TASK PROMPT >> What lines in the listing below hold the string "Apartment"? Please copy them out.

Segment Start: EXERCISE MATERIALS

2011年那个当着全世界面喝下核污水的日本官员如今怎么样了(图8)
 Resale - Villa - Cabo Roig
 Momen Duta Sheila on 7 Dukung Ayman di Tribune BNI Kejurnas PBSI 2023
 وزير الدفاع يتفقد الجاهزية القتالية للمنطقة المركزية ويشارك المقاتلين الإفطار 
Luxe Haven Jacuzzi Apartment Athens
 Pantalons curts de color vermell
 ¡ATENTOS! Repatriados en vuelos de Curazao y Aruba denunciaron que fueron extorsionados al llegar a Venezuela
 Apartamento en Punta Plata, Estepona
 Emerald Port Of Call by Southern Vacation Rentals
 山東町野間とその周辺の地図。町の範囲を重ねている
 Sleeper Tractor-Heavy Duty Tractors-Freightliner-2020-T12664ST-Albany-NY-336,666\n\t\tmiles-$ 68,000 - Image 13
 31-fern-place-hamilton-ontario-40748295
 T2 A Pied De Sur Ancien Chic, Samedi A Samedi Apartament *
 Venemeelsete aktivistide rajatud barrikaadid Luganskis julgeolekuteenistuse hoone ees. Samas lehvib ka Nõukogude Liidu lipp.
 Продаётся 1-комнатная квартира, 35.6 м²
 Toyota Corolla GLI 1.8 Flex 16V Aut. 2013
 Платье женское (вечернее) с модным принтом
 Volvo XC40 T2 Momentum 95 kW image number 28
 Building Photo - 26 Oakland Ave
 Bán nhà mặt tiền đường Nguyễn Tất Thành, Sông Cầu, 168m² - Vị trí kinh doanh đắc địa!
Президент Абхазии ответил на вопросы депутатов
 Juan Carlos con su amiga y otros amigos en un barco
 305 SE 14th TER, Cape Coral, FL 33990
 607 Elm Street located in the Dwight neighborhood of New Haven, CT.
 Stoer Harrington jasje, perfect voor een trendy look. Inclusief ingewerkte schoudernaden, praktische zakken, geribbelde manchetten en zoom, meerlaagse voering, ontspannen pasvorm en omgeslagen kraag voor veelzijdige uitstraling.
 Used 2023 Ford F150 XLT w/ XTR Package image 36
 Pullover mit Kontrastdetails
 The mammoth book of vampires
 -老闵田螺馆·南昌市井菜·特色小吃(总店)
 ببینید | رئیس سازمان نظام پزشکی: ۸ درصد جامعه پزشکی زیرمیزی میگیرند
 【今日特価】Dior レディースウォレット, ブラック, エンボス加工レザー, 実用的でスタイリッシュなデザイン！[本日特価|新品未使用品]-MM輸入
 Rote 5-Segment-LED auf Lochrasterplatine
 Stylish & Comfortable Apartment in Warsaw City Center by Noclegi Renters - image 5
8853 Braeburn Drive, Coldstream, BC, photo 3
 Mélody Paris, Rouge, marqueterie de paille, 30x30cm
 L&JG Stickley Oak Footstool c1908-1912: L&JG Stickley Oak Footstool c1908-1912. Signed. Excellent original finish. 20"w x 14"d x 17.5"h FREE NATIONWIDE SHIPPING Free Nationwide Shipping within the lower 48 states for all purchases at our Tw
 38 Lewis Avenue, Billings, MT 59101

Segment End: EXERCISE MATERIALS

WRITTEN REPLY >>
Luxe Haven Jacuzzi Apartment Athens
 Stylish & Comfortable Apartment in Warsaw City Center by Noclegi Renters - image 5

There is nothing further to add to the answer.